As has been argued in developmental and life course criminology, offending frequency is a limited measure of criminal involvement. Other dimensions are the duration of a criminal career, the recency of offending and the severity and types of crimes committed. Future studies could investigate whether these dimensions affect the likelihood of non-contact and refusal to participate in self-report surveys.
A final limitation concerns the overall generalizability of our findings.

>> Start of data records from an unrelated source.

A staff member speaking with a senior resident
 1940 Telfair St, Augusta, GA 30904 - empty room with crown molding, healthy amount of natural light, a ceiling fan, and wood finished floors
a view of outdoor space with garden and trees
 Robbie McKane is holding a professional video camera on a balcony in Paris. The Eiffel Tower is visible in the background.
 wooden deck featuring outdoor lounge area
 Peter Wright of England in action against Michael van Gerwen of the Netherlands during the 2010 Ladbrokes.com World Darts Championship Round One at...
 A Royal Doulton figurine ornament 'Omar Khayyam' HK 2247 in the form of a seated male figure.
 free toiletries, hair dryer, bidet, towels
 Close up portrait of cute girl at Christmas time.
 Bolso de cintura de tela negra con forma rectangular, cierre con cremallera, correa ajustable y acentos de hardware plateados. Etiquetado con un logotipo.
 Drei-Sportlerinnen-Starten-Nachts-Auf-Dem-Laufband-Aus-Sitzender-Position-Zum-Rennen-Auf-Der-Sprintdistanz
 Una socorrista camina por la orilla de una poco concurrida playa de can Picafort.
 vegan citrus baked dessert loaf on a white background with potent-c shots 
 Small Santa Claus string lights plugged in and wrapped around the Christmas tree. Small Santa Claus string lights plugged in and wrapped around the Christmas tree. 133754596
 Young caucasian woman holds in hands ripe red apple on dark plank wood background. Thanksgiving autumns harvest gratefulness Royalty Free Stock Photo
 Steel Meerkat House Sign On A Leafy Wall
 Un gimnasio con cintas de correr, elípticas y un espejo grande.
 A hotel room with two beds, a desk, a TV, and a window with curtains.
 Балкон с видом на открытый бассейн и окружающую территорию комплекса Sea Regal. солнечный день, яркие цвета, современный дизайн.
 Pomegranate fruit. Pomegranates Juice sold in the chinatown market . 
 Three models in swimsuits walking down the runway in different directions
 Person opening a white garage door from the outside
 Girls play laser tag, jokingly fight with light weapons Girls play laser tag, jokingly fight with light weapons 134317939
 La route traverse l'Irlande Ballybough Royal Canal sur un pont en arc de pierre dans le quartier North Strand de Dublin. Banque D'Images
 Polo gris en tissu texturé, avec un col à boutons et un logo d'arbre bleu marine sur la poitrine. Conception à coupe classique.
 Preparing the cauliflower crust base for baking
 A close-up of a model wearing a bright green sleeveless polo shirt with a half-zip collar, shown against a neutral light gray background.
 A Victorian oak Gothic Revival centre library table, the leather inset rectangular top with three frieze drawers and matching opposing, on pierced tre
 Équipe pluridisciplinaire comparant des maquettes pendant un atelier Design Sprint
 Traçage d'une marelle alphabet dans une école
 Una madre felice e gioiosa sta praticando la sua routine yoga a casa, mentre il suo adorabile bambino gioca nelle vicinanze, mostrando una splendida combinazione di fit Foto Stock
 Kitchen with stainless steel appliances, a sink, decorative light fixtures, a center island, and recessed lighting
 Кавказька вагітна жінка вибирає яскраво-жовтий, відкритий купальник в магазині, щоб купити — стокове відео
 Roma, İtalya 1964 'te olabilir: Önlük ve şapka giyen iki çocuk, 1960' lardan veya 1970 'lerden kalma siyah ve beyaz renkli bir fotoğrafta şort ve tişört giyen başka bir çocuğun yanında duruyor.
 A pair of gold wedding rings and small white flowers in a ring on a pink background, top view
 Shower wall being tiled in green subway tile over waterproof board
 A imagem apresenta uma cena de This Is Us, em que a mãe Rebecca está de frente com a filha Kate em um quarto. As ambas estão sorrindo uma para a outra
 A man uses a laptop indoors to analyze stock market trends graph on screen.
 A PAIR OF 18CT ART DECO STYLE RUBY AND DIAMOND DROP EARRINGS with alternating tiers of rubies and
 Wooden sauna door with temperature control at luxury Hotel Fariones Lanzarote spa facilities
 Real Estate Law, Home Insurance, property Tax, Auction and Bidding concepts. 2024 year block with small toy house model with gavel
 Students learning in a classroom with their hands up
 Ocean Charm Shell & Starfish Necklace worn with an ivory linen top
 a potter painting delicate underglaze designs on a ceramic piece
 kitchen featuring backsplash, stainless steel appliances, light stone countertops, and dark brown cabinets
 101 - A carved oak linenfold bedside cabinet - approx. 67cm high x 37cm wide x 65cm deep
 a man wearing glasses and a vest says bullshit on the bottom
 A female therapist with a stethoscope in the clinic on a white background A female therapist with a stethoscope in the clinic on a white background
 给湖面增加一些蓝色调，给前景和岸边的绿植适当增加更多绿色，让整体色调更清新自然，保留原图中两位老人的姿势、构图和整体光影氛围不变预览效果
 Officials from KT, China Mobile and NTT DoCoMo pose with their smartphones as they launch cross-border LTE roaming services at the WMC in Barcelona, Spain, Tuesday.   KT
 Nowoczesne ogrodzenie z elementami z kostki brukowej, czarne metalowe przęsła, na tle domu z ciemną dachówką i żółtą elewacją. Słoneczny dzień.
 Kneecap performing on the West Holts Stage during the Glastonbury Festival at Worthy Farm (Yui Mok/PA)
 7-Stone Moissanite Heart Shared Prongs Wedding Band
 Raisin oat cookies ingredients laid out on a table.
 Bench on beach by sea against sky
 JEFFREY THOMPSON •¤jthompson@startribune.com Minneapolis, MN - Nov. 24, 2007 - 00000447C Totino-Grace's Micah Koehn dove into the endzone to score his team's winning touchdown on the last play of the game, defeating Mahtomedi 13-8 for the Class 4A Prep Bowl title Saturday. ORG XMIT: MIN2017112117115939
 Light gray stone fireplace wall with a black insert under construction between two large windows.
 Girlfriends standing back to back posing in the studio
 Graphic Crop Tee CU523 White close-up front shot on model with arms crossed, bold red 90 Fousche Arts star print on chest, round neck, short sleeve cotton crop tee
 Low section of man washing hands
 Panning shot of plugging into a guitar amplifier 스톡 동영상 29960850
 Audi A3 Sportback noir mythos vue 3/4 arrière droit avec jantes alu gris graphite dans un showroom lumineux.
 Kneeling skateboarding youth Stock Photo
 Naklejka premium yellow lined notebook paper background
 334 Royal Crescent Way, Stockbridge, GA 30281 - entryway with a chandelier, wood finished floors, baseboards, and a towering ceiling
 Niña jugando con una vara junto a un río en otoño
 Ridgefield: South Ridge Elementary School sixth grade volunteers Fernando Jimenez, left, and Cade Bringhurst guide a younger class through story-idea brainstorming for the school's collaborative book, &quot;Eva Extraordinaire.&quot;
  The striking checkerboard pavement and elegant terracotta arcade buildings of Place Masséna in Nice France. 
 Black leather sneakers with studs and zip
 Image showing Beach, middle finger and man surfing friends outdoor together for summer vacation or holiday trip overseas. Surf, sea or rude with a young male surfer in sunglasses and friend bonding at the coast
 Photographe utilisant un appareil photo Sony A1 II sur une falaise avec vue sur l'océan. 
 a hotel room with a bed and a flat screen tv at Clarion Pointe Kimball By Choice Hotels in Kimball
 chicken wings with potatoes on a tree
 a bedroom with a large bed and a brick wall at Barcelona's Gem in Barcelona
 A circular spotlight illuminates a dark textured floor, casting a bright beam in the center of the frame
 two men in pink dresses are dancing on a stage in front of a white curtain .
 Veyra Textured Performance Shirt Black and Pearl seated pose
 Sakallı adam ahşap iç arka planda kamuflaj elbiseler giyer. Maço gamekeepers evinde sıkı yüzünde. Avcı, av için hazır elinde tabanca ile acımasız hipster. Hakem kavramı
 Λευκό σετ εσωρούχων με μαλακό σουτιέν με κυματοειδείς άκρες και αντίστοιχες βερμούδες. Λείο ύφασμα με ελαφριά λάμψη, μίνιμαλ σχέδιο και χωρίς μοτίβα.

Our sample consists of a specific age group (18–25) and a specific relatively urbanized area in the Netherlands – the greater Hague area – and one particular online survey – OASIS. Its results do not necessarily apply outside these geographical, age and methodological boundaries. As a result, we would not advocate applying our findings to create weight factors for analysing other samples than the OASIS survey sample. Nevertheless, our findings and methodology could easily be applied to other samples, provided that an external measure of prior offending frequency is available (for example, police records).
We finish by returning to the key question addressed in this study, which is whether frequent offenders are more difficult to find and less willing to participate in self-report delinquency surveys. Concisely formulated, the answer is that they are less willing to participate but not more difficult to find. The relevance of our findings is not that they help solve the dark-number issue by improving our estimates of the prevalence of offending. Their relevance is that they inform us about the usefulness of self-report crime data for testing theories of crime causation, which in contemporary criminology appears to be the main most important rationale for both offline and online self-report surveys.